I am a printmaker and painter living in northern California. Natural history and the environment are strong influences in my process. My current project involves the concept of “creature” and the ways it relates to, interacts with and informs the concept of “wildness.” The work investigates wild things and the ways they express wildness, and the concept of wildness transcended. For instance, when carving a coyote, I abstract her fur so that it transcends itself to become some other expression of wildness: rocks and pebbles and streams, butterflies and bird wings, blooming poppies and meadow grasses. I enjoy experimenting with other descriptions and interpretations of wildness: a bear’s roar emerges as a swarm of insects, the sound and emotion transcended; an elk’s antlers become home to blooming irises, with tree frogs and insects perching on the prongs.  I am curious about this concept of wildness transcended. My work is often fantastical in nature, and printed as large as press and paper will allow.

My practice primarily involves woodblock relief, linocut relief, and reductive monotype printmaking.
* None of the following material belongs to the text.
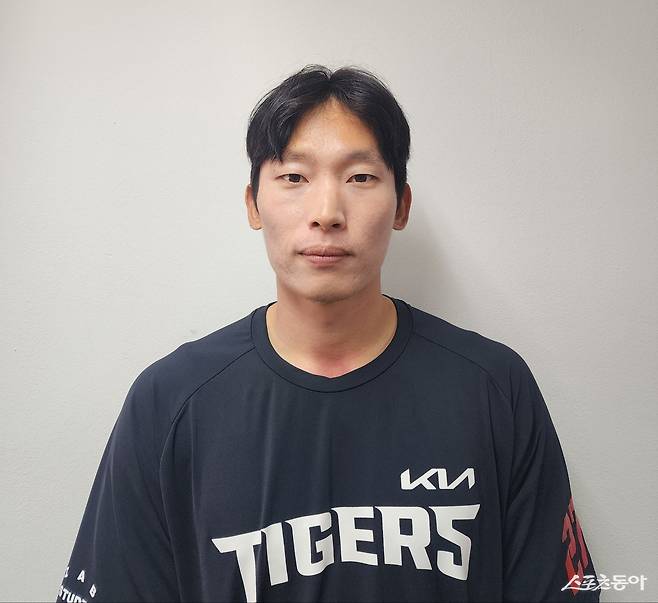 KIA 김호령이 24일 대구삼성라이온즈파크서 열린 ‘2026 신한 SOL KBO리그’ 시범경기에 앞서 입단 11년 만에 주전으로 맞이하는 시즌 개막 소감을 밝혔다. 대구=박정현 기자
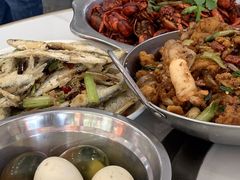 -丹水桥地锅鱼·翘嘴鲌·地方特色全鱼宴(丹江口大坝店)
I also enjoy working with watercolors and acrylics. Much of my work is inspired by my travels through Europe and the sub-arctic. I find myself particularly inspired by the flora and fauna of northern California. I graduated from Scripps College in 2012 with a B.A. in Environmental Writing, and I have been based largely in northern California since.
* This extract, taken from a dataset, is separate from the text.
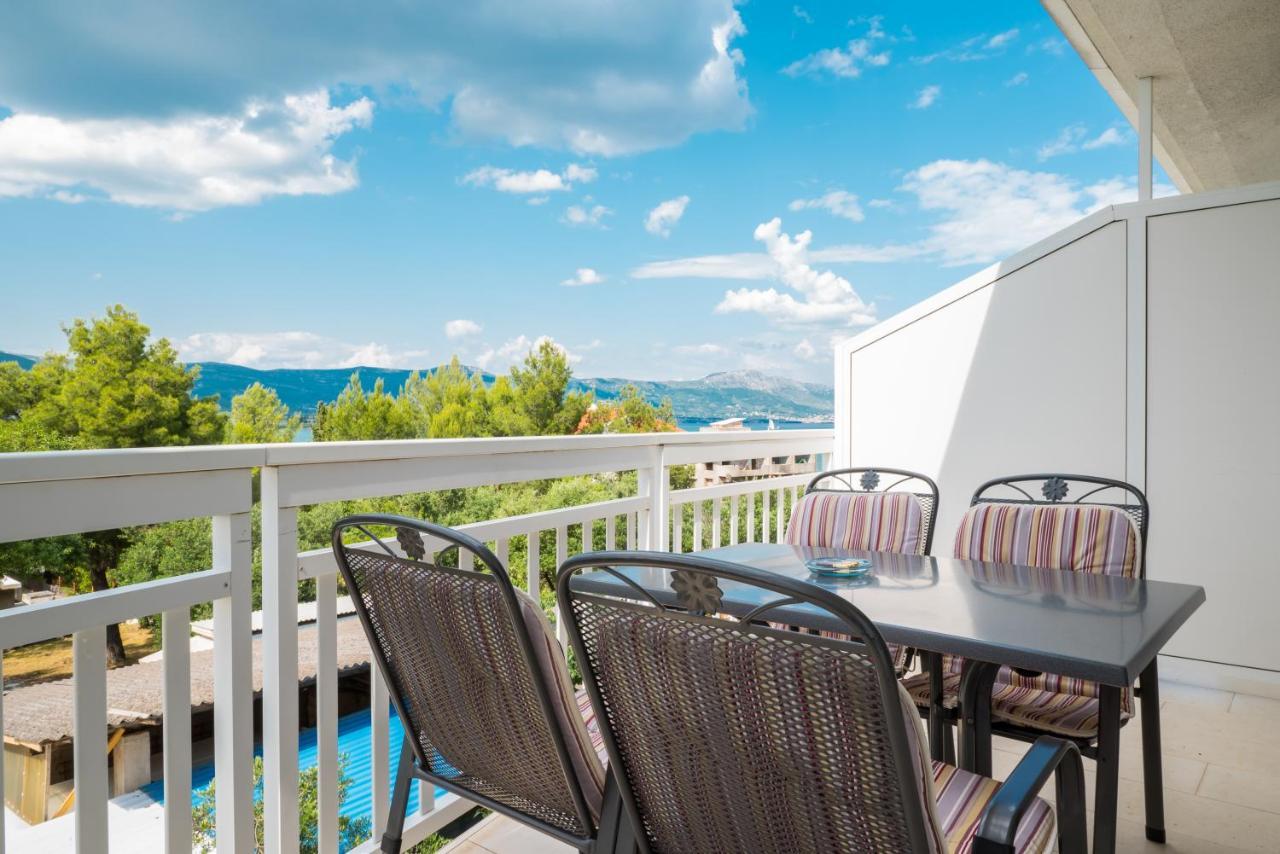 Vdl Apartments Trogir Bagian luar foto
My work has been exhibited in Arc Gallery and SOMArts Gallery in San Francisco, the Isabelle Percy West Gallery at the California College of the Arts in Oakland, and Gallery Route One in Point Reyes. I have been published by Grist Magazine, the Inverness Almanac, the West Marin Review, and Graphic Impressions. I have been an artist in residence at the Kala Art Institute in Berkeley California and at Brush Creek Foundation for the Arts in Wyoming. I am an active member of the California Society of Printmakers and Southern Graphics Council International.